Wow. It's been awhile! The past month of life has been crazy, an absolute whirlwind of life and change, parties and celebration, hellos and goodbyes. I've sat down to write a handful of times, never certain of how to start or what to say. Notes and ideas for blog posts abound in my journal, I just haven't been able to get anything out. I think that's okay. It's a lot to process. I think I am ready to start writing again, at least for tonight.

I spent the majority of yesterday in Milwaukee with my sister, brother-in-law, and sweet new nephew Dane. Have you met Dane yet? Allow me to introduce you.


He's adorable, I know. Don't let the sweet sleeping picture fool you. He is adorable, I'm not denying that. But he can be, according to my brother-in-law, a crying fuss bucket. I spent the majority of yesterday with my little Danish, and he spent a lot of that time screaming. Hungry? Cold? Tired? Cranky? Sleepy? We're not too sure. It was a guessing game to figure out what he needed and how we could give it to him. 

At some point during the day, my sister asked in defeat and desperation, "When will it get easier?" Honest. Tired. Real. She was unfiltered and uninhibited, exhausted and straightforward. 

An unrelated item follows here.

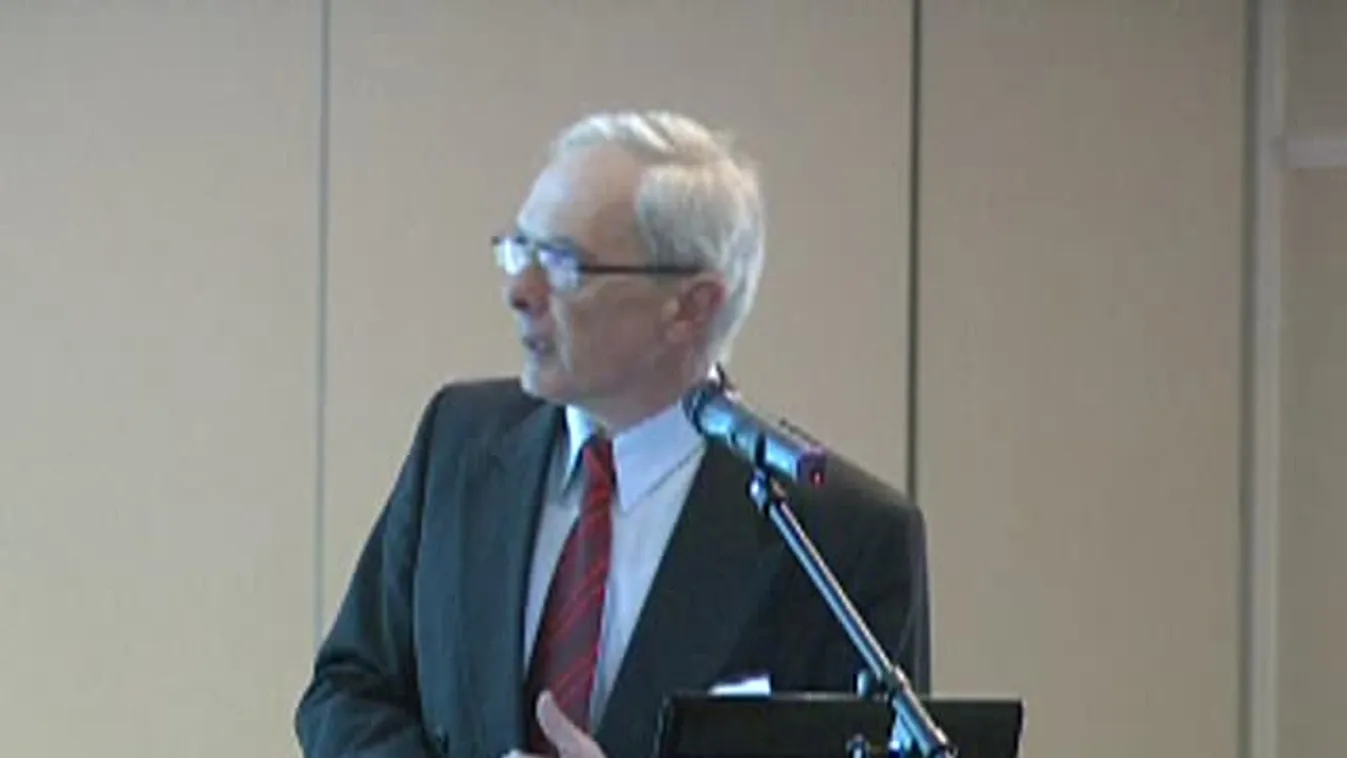 Bod Péter Ákos közgazdász a GKI konferenciáján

When will it get easier? When will it feel real? When will it stop? Go? Move? When will I understand it? When will I feel like I have a handle on it? 

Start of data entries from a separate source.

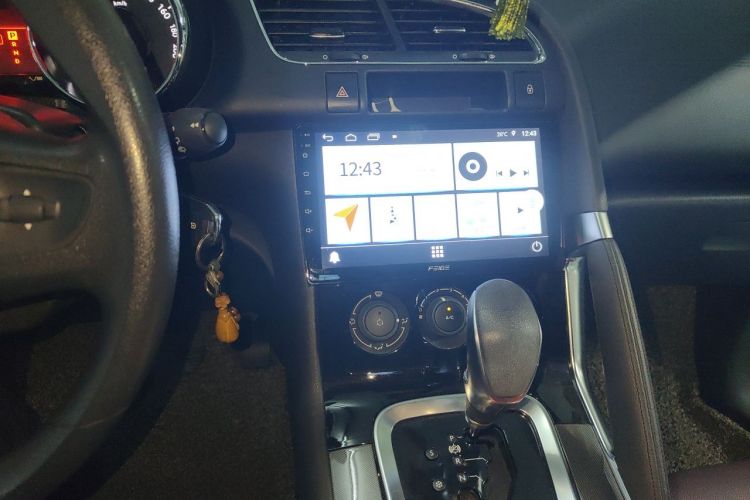 Used Peugeot 3008 2016 1.6THP Automatic Classic Edition Audio And AC Panel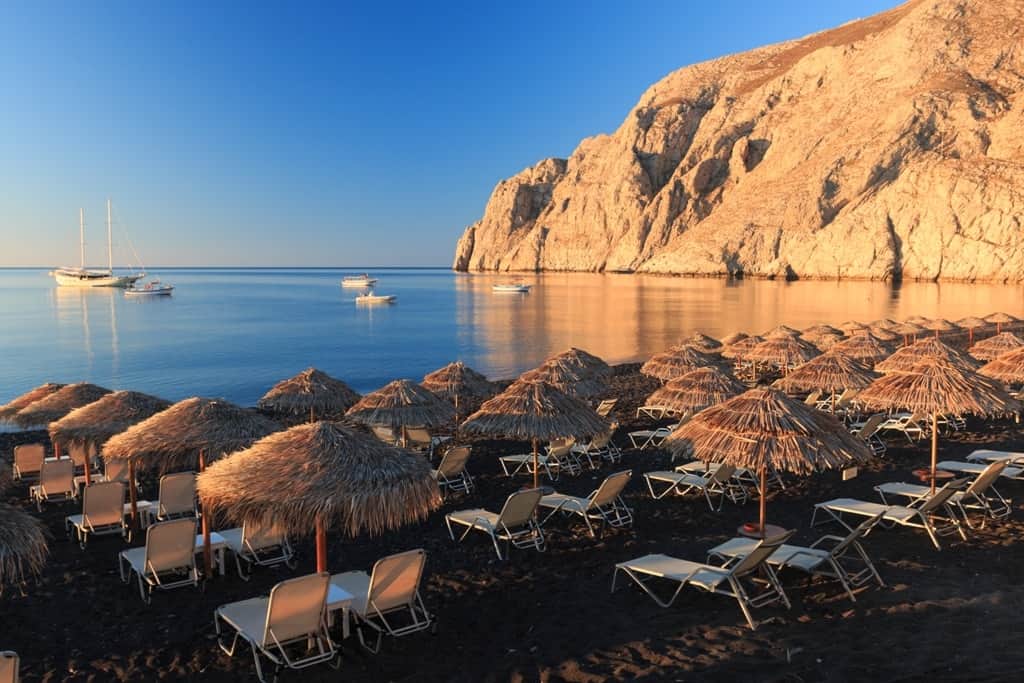 Kamari beach - The best Santorini Beaches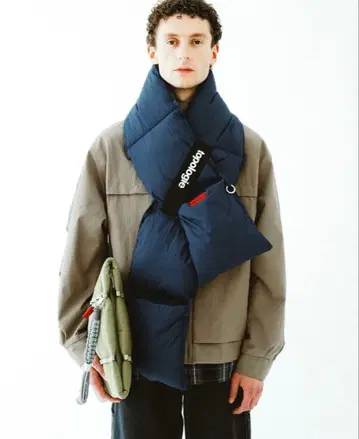 topologie 네이비 패딩 머플러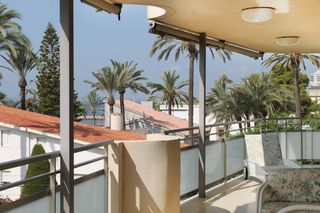 Apartament a Carrer. Amplio apartamento aprox. 150 m2 con gran balcón orientado al su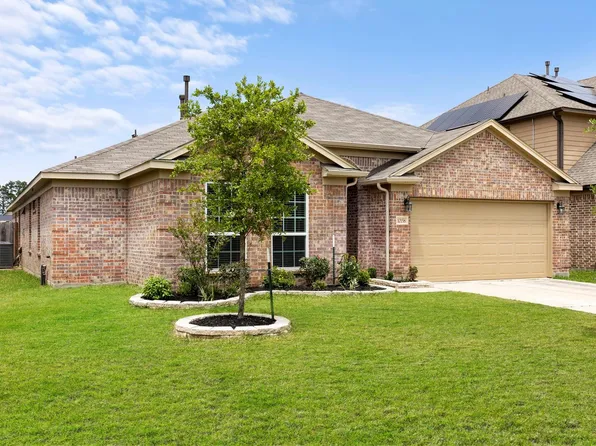 10158 N Whimbrel Cir, Conroe, TX 77385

You could be asking these questions about parenting, about changing jobs, about graduating college, about saying hello and saying goodbye, about a thousand things in life. 

As I move through a particularly tumultuous and uncertain season of life, I am starting to realize that it may never get easier. I may never fully understand the roles and spaces that I enter into. I may not ever have a handle on the fact that life, whether in this season or another, is uncertain and uncanny and unknown. Life is not static and just as I figure out one thing, another thing gives way. Life doesn't stop and doesn't give us answers. 

Luckily for Katie, I think it will get easier. I think as the days and weeks pass, she will get into a rhythm with Dane. They will learn one another; she will learn his cues and he will learn how to communicate his needs more effectively. He will learn to sleep, and it will get easier as she and Mark become more rested. I do think that as some things get easier, others will become more difficult. As Dane grows, Katie and Mark will become comfortable but will still daily face the unknown paths of parenting. 

I want to make friends with the idea that this whole thing called life might not ever get easier. Maybe that's the wrong question for me to even be asking. Regardless, I want to make friends with the idea that I'll always be facing the unknown and I won't always understand it or be able to solve it or fix it.

For tonight, I am okay with that. There's a great sense of peace that comes with not knowing and being okay with not knowing. It's a type of free-fall, to know that I don't have all the answers, but I'm not supposed to have all the answers. To know that this season is not easy, but it might not ever feel easy. For now, I am okay with that.